Exercise aim —
Reproduce the listing exactly. Omit pictures.

Dataset content —
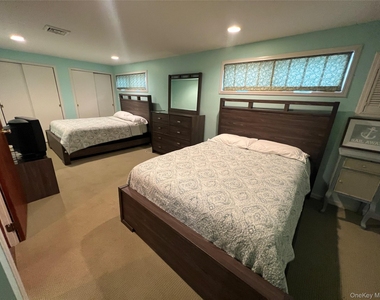 71 Garden City Avenue - Photo Thumbnail 2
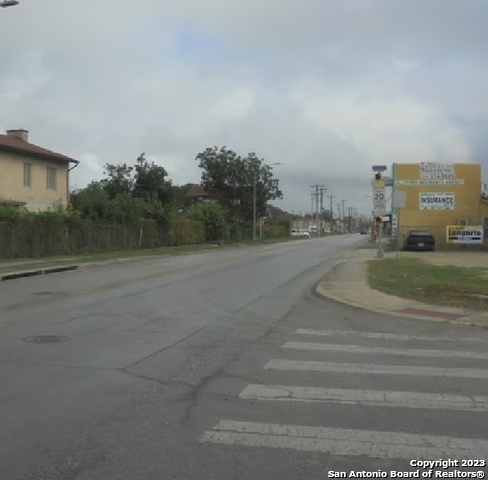 1802 N Zarzamora Street San Antonio TX 78201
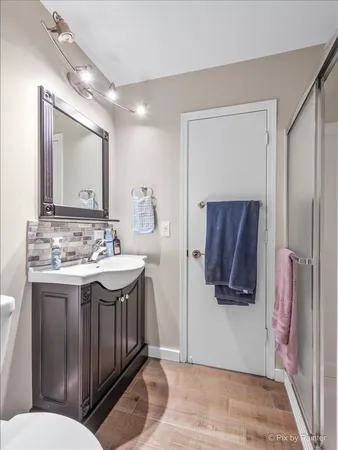 $499,900 | 515 Surrey Ridge Drive, Cary, IL 60013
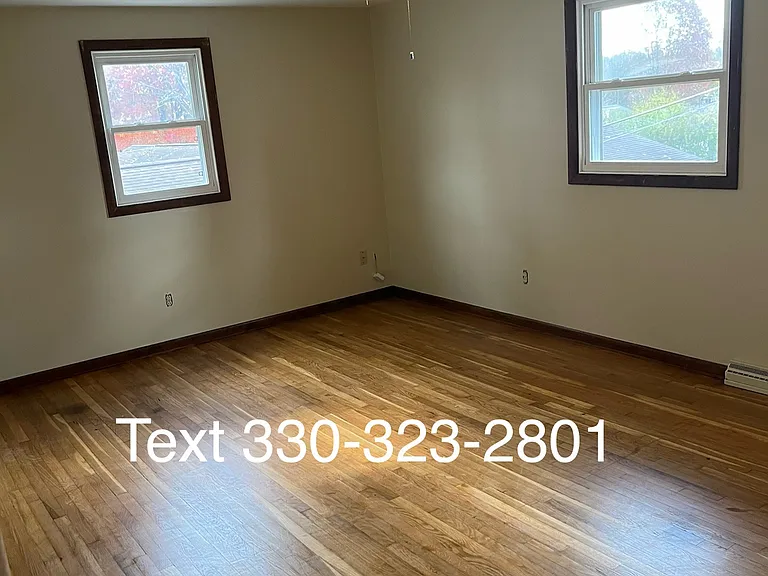 5855 Lawnview St NW — Photo 8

The completed task —
 71 Garden City Avenue - Photo Thumbnail 2
 1802 N Zarzamora Street San Antonio TX 78201
 $499,900 | 515 Surrey Ridge Drive, Cary, IL 60013
 5855 Lawnview St NW — Photo 8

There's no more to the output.